Which languages does it support?
There is no information in the card
There is no information in the card
However, the Nvidia model supports multilingualism and is overall many times better than openai/privacy-filter. You can try it here.
https://huggingface.co/openai/privacy-filter#model-metadata
Language(s): Primarily English; selected multilingual robustness evaluation reported
Our intention is that the model is easily fine-tuned to make it match different languages (and even multilingual text)
Our intention is that the model is easily fine-tuned to make it match different languages (and even multilingual text)

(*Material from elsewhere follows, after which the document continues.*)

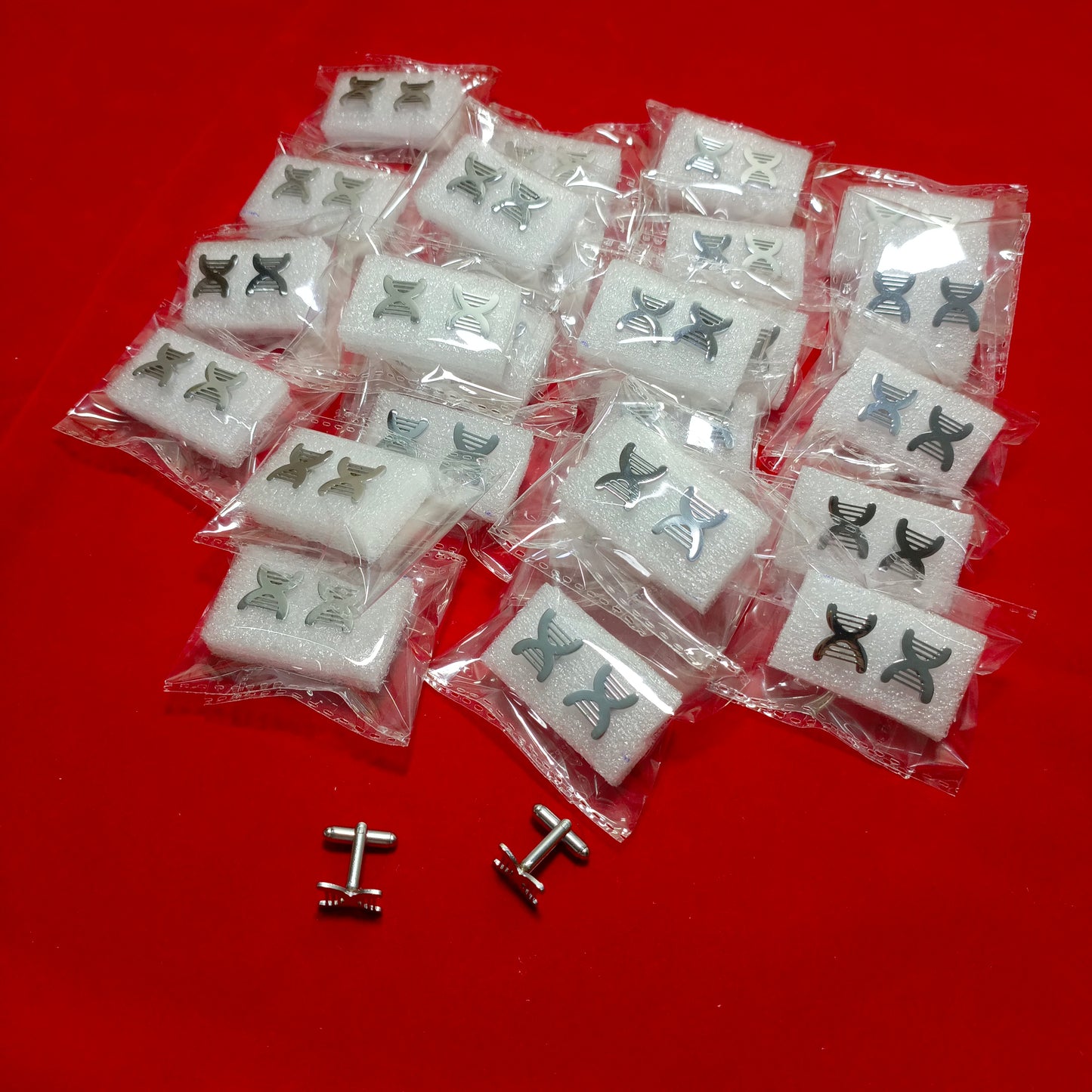 Cufflinks of DNA model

Yes, you could, but why? The model should have been multilingual from the start. If you fine-tune it, it will likely become worse on English and lose some of its knowledge. The model card mentions adding classes, not languages for the model. When gpt-oss was first released, it was bad for multilingual scenarios.
Moreover, the model was apparently trained with MoE and non-standard attention, so you'd need to search for this specific model's speed, but multilingual support wasn't included. This is absurd.
Though if you think about it — people create fine-tunes and list them in their model card as if it's this base model. Hugging Face boosts the model to trending because of the hype around it. PROFIT.
There is a tradeoff between model size, model performance on multilingual tasks and model's ability to generalize on multiple types of labels.
We started from the point of view that we will not be able to cover all possible label spaces, so this means that we need to offer people the ability to finetune the model for their own PII categories definitions. This then made us chose this point on the tradeoff curve. Other models can pick a different point and we welcome competition, as the goal is to improve the status-quo, not compete/profit.
PS: In fact, all of these comments that don't really bring anything to the discussion are actually helping the model rank higher since the comment activity (regardless of sentiment) is used as input for the trending metric ;)
PS: In fact, all of these comments that don't really bring anything to the discussion are actually helping the model rank higher since the comment activity (regardless of sentiment) is used as input for the trending metric ;)
Unfortunately, I noticed this too, and you even boasted about it on X.